NOTE: You're basically changing the very data long term fuel trim was previously based on. So if you're making fairly large changes to MAF compensation, you should consider resetting the long term fuel trim values using the “Reset fuel trims” menu item in the ECU menu.
Because this function operates only during closed loop mode, it's handy to try to extend closed loop mode as much as possible so that you get a wider range of data in your logs. This will produce a larger number of auto-adjustments for you.
There are several ways you can extend closed loop conditions. The easiest of which is to simply edit the DirectAccess tables that control when open loop is triggered. By moving those open loop trigger points “higher”, you extend the conditions under which closed loop mode will be maintained by the ECU.

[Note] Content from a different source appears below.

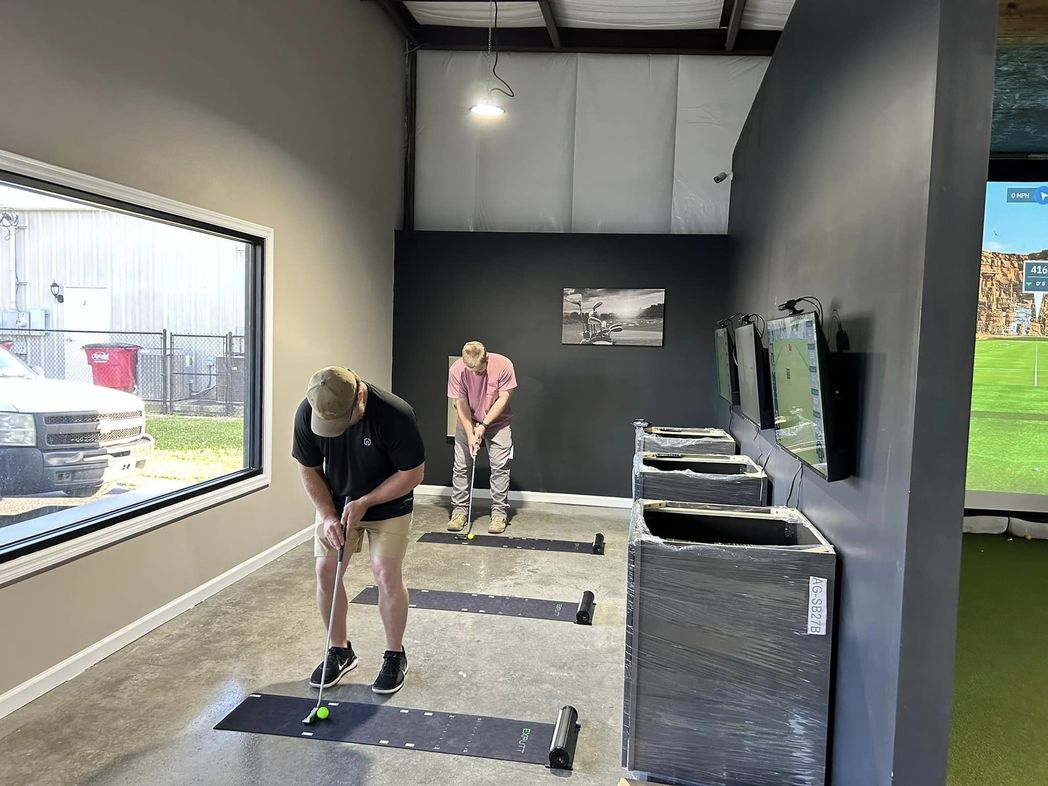 Golfers practicing in a simulator bay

The image below shows a fairly typical setup for the various open loop threshold tables you can use to extend closed loop mode for this test. Keep in mind what you're doing here, though. You're basically telling the ECU to maintain stoich air fuel ratios under more load (LoadFactor) and with more throttle. This could very well produce a hotter mixture than you'd like to maintain for any lengthy period of time. So monitor EGTs if possible or if not, just try not to stay under high load/closed loop mode for very long.

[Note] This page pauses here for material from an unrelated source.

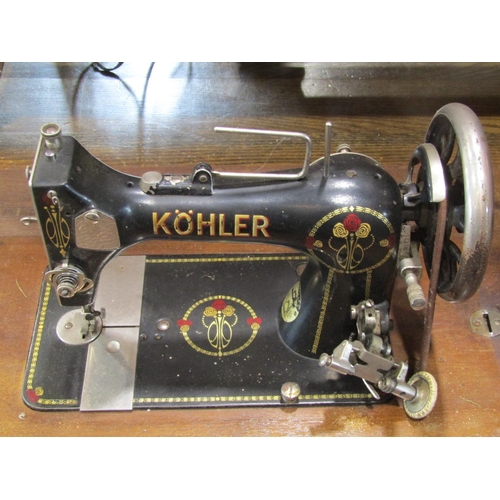 2081 - A Kohler treadle sewing machine with Art Nouveau transfer detail, the cast iron base with pierced de...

With that table in place, you can grab a datalog with a bit more load variation. Personally, I like to find a nice hilly area and apply light throttle to vary LoadFactor between 0.9 to 1.3 while maintaining closed loop operation. This driving combined with the typical flat road driving (with LoadFactors around 0.6-0.9), combined with typical idle and free rev (LoadFactors around 0.3-0.4) really produces a good set of data for this function.